Composed in 1906, Gustav Holst’s A Somerset Rhapsody is inspired by a collection of three English folk songs from rural Somerset. The first is ‘It’s A Rosebud in June’ also known as the sheep-shearing song! The second is the march-like ‘High Germany’ and the work ends with ‘The Lover’s Farewell’. A Somerset Rhapsody is one Holst’s most popular works and a fitting tribute to the composer whose 150th Anniversary of his birth is celebrated in 2024.
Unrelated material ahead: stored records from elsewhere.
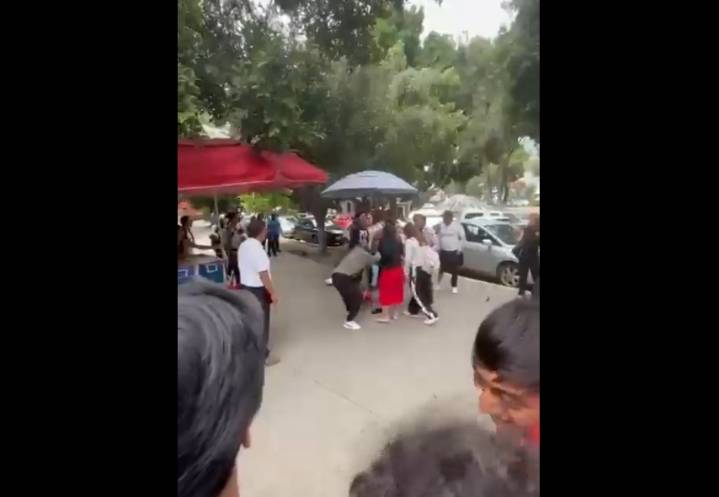 Pelea afuera del CENHCH involucra a estudiantes, padres y vendedoras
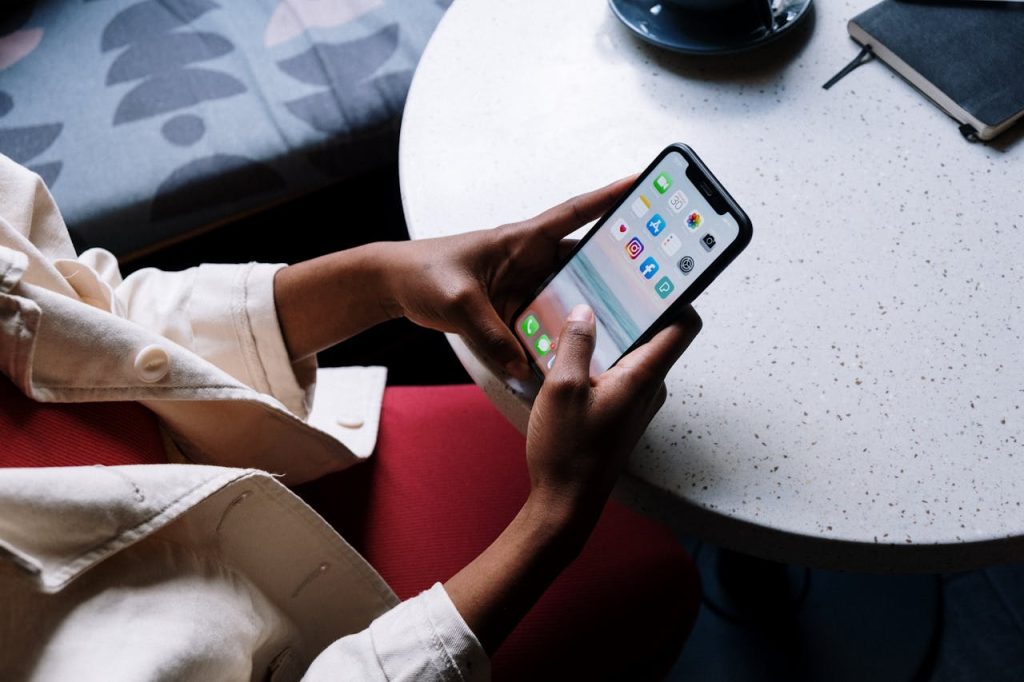 What is the dating app for feminists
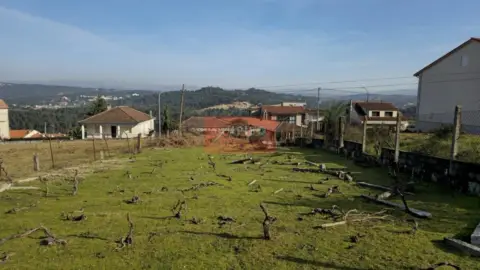 Terreno en calle Principal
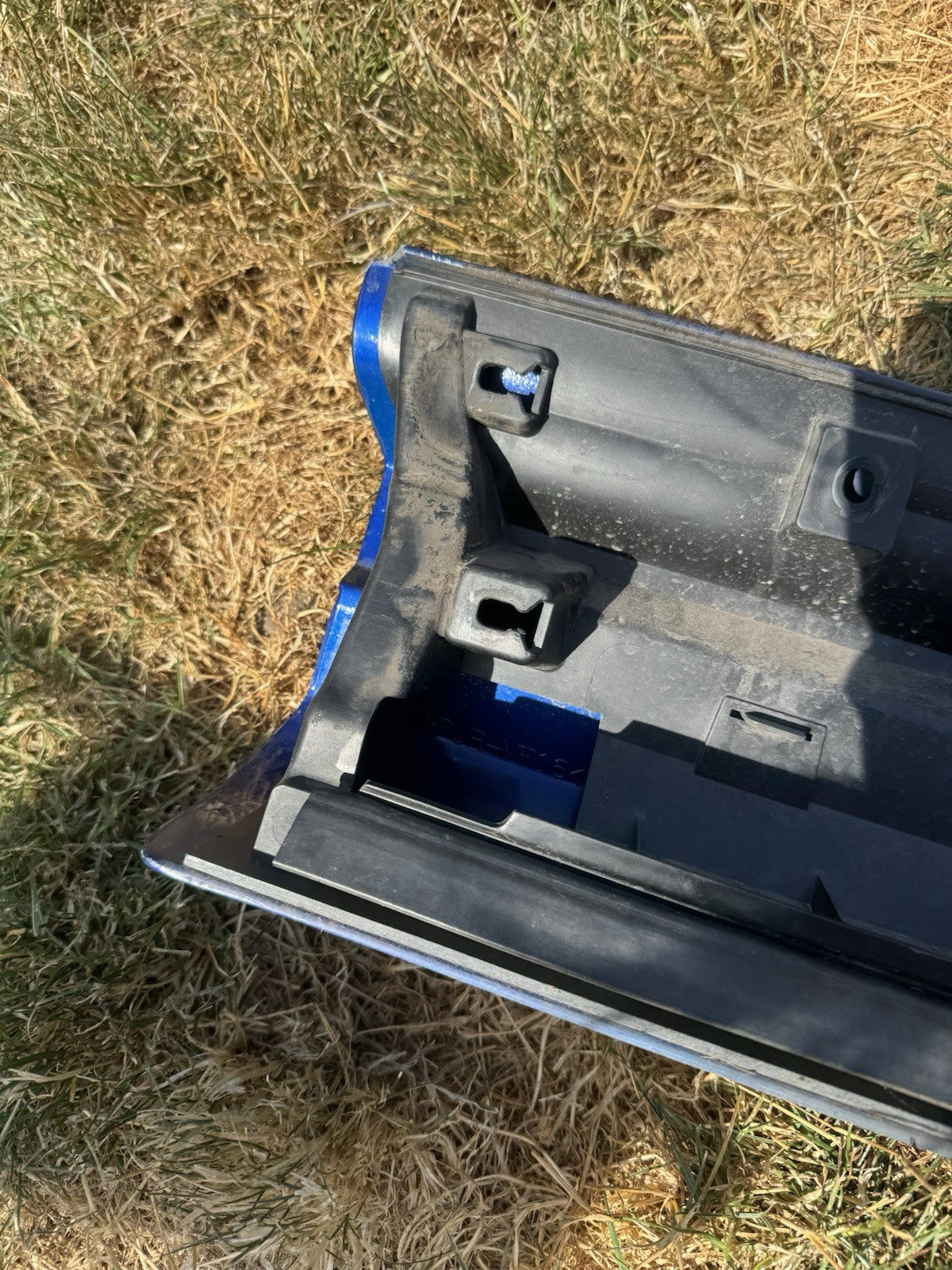 LR RANGE ROVER SPORT II L494 Front Left Door Lower Molding FK6M-21065-A 2018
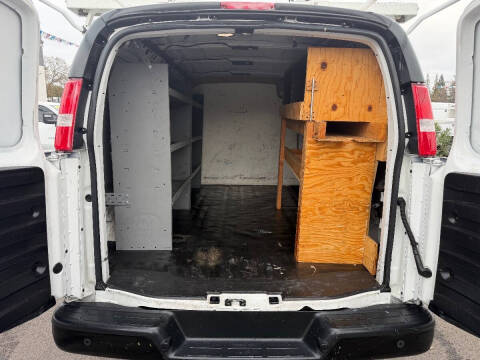 2021 Chevrolet Express 2500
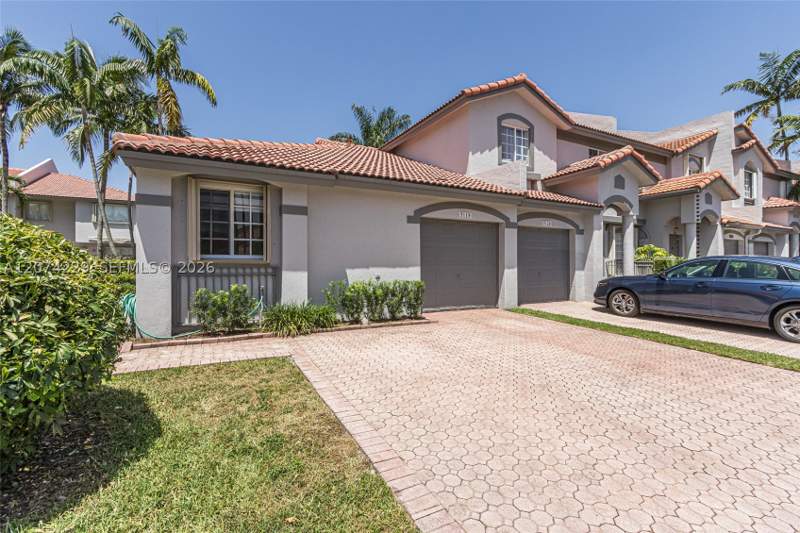 2 bedroom Townhouse at 5118 NW 115th Ct, Doral Landings Townhomes, Doral — photo 3
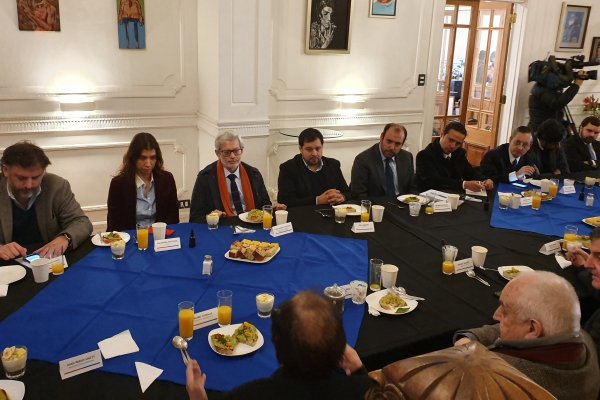 Ministro Fontaine se reúne con gremios PYME y fija prioridades de la cartera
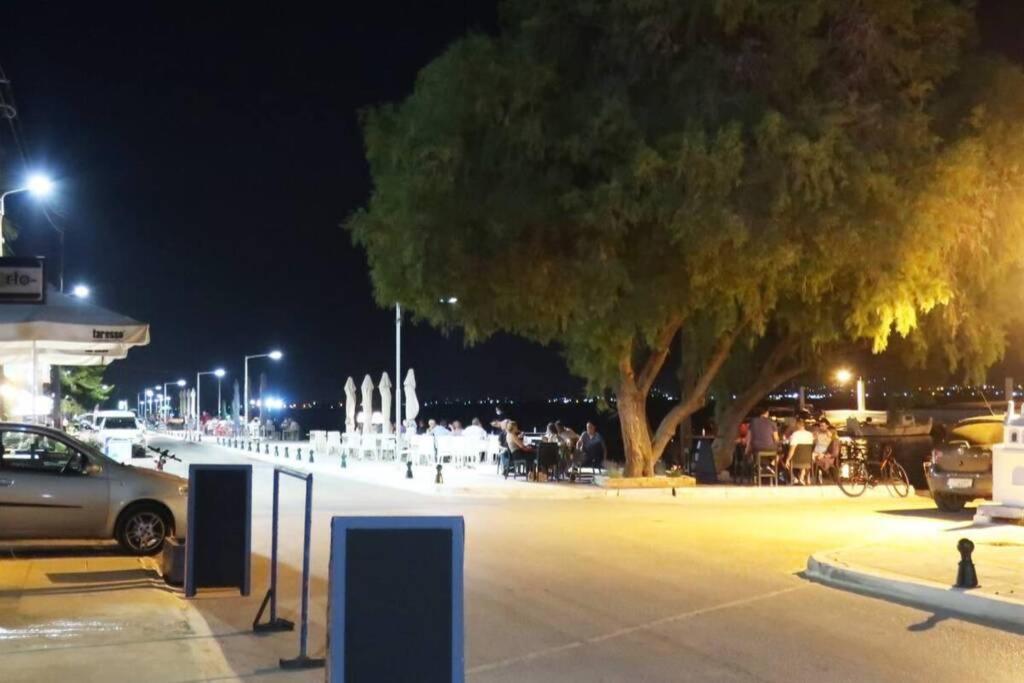 Πολυτελές Διαμέρισμα 3 Χαλκίδα-Παραλία Αυλίδος Paralia Avlidhos Extérieur photo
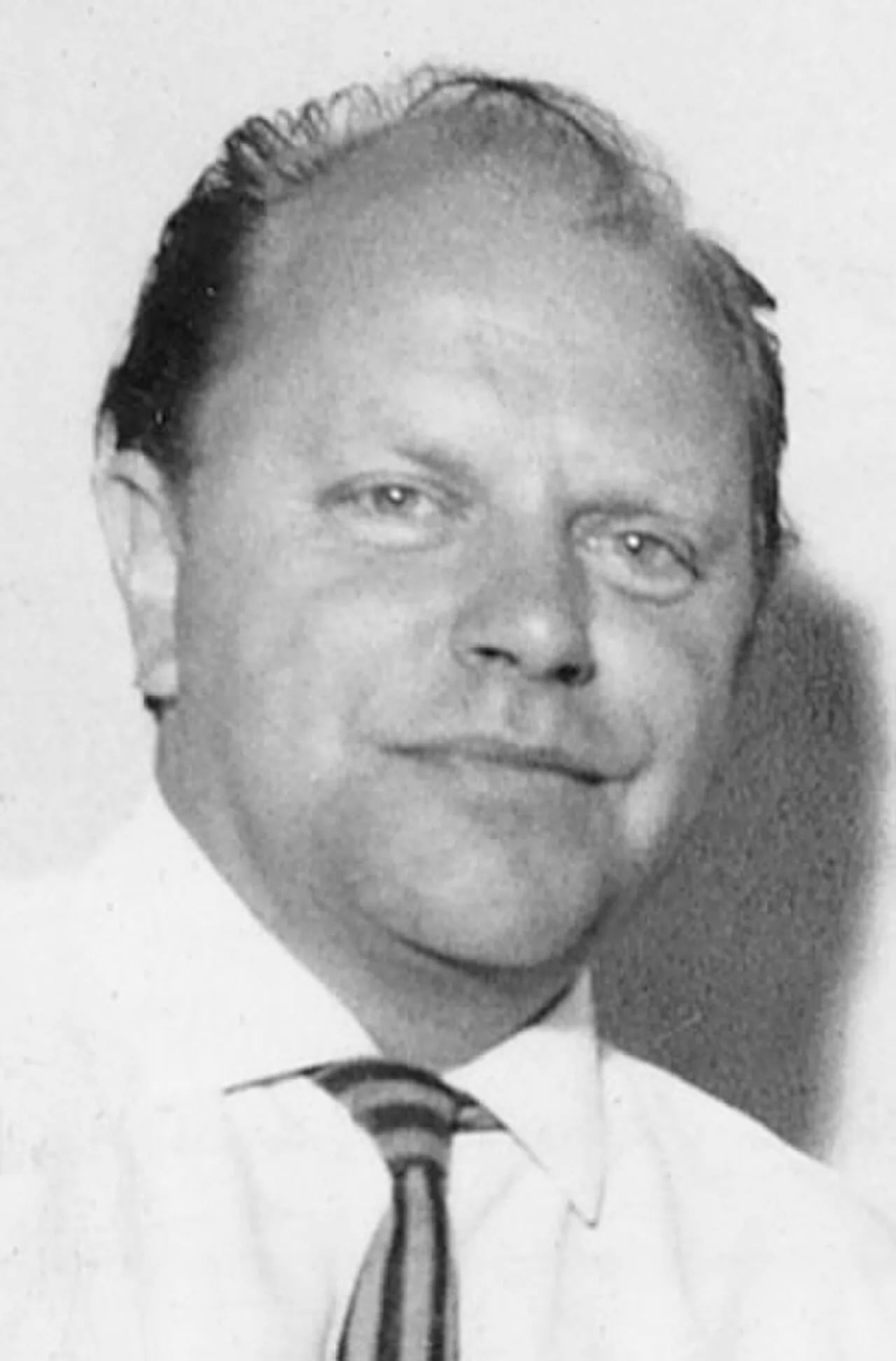 Portrait of Heikki Siren (1918–2013) – memorial page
Although it is impossible to infer it from the music, Tchaikovsky wrote his Variations on a Rococo Theme in deep depression. His opera Vakula the Smith had been a failure, a bungled performance of Romeo and Juliet at the Paris opera and a scathing review of the same from Vienna came in a two-week period in December 1876. Fortunately Tchaikovsky escaped depression through intense work. He composed this piece for a colleague, eminent young German cellist Willhelm Fitzenhagen, who heavily edited the work. This is not unusual, especially if the composer did not play the instrument. The word rococo is mostly associated with the decorative arts of the mid-18th Century although the rococo theme is an original melody and not one taken from this period.
Rachmaninov composed his Symphony No.1 in D minor in 1895, at the tender age of 22. It received its first performance in March 1897 conducted by Alexander Glazunov. It was not well received. Rachmaninov blamed Glazunov for a lacklustre approach by simply beating time rather than finding the music within, although some contemporary reports suggest that Glazunov was inebriated. Rachmaninov never destroyed the score but did leave it behind when he departed Russia to settle in the West and, eventually, it was given up as lost. After the composer’s death, a two-piano transcription of the work surfaced in Moscow, followed by the discovery of a set of orchestral parts at the conservatory at St. Petersburg a few months later. In March 1945 the symphony was performed in Moscow – the first time it had been heard since its 1897 première.